PROMISSORY NOTE
EX-10.15 6 nrom_ex1015.htm PROMISSORY NOTE nrom_ex1015.htm
EXHIBIT 10.15
PROMISSORY NOTE
$75,000.00 | December 21, 2015 |
FOR VALUE RECEIVED, Noble Roman's, Inc, an Indiana corporation (the “Debtor”), hereby promises to pay to Scott Mobley (the “Holder”) the principal sum of Seventy-Five Thousand and 00/100 Dollars ($75,000.00), together with interest, in the manner provided herein. Each of the Holder and the Debtor are collectively referred to herein as the “Parties”.
1. Repayment of Principal. The entire principal balance of this Note shall be due and payable on January 10, 2017 and (b) the exercise of remedies by the Holder pursuant to Section 4, of this Note (the “Final Payment Date”). All principal and interest payable pursuant to this Note may be prepaid in whole or in part at any time, without payment of any penalty or premium.

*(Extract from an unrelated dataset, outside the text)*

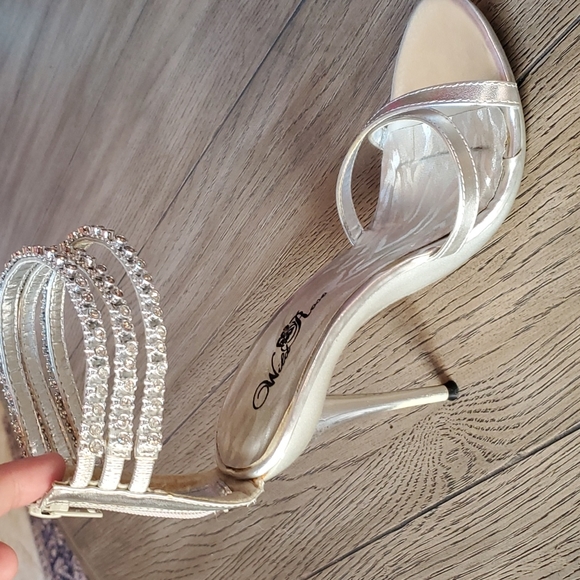 Rhinestone Stiletto Heels - Picture 4 of 10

2. Interest on Unpaid Principal Balance. Interest shall accrue on the unpaid principal balance of this Note at a rate of ten percent (10%) per annum (computed on the basis of a 360-day year containing 12 months, counting the actual number of days in each month), such accrued and unpaid interest shall be paid quarterly in arrears on the last business day of March, June, September and December of each year commencing March 31, 2016. All accrued and unpaid interest shall be due and payable at the Final Payment Date.
3. Payments. The Debtor will pay to Holder, by check for all amounts payable to the Holder in respect of the principal of, or interest on, this Note, without any presentation of this Note. Each such payment, when paid, shall be applied first to the payment of interest, fees, expenses and other charges accrued and unpaid under this Note in such order as Holder shall determine and second to the payment or prepayment of the principal hereof. Notwithstanding anything herein to the contrary, all outstanding principal, accrued interest and all other amounts under this Note shall be immediately due and payable in full at the Final Payment Date.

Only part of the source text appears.